I tested the Revell enamels and Aqua Colors side-by-side on strips of white styrene labelled for comparison. The lids of the enamel tins take some effort with a small standard screwdriver to remove. Just work around the circumference until it comes loose. I tested the enamels as they came out of the tin after stirring and shaking, and I also added a bit of the thinner to see how it affected brush strokes. They cover well and the gloss colors level out to an amazing streak-free shine. Also, the enamels didn’t need thinning to flow smoothly from the paintbrush.

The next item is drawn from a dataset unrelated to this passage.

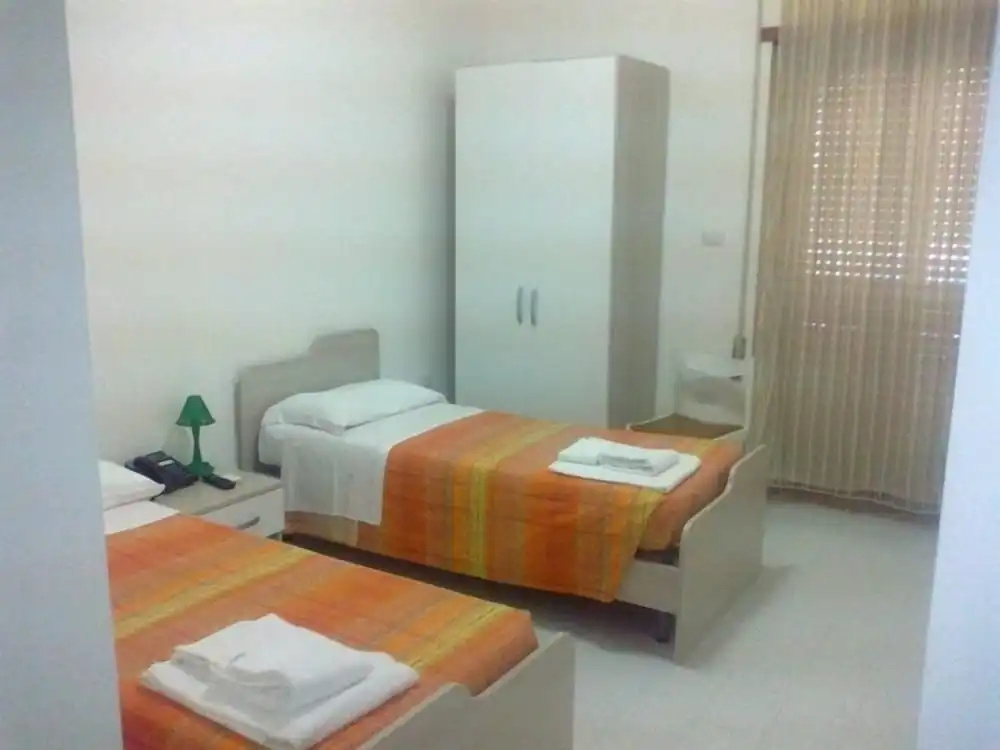 Economy room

As expected, the Aqua Colors dry quicker than the enamels, and they seem to respond best with a bit of thinner for each color. After drying they look good, often matching the enamels, though I preferred the look of the Aqua Color steel (No. 36191) to the enamel (No. 34191). I found the gloss yellow, red, clear orange, and clear red didn’t brush as well as the enamel versions. And while the results were good, I think I prefer the enamels for brush painting.

It’s important to remember that the spray cans provide quick coverage and a comfortable hand feel, but cans can run out quickly.

Also, watch for minor crazing. The enamels paint beautifully with level glosses and rich pigment. But the tins can be a bit difficult to open, and enamels naturally take longer to dry. The Aqua Color acrylics come in innovative bottles great for brush painting. However, as is the case with acrylics, they don’t level quite as well as  enamels, and the gloss colors lose some of their shine when thinned.
It’s great Revell has begun offering its broad paint lineup in North America, particularly for casual builders who can realize success with numerous bedrock colors right from the start.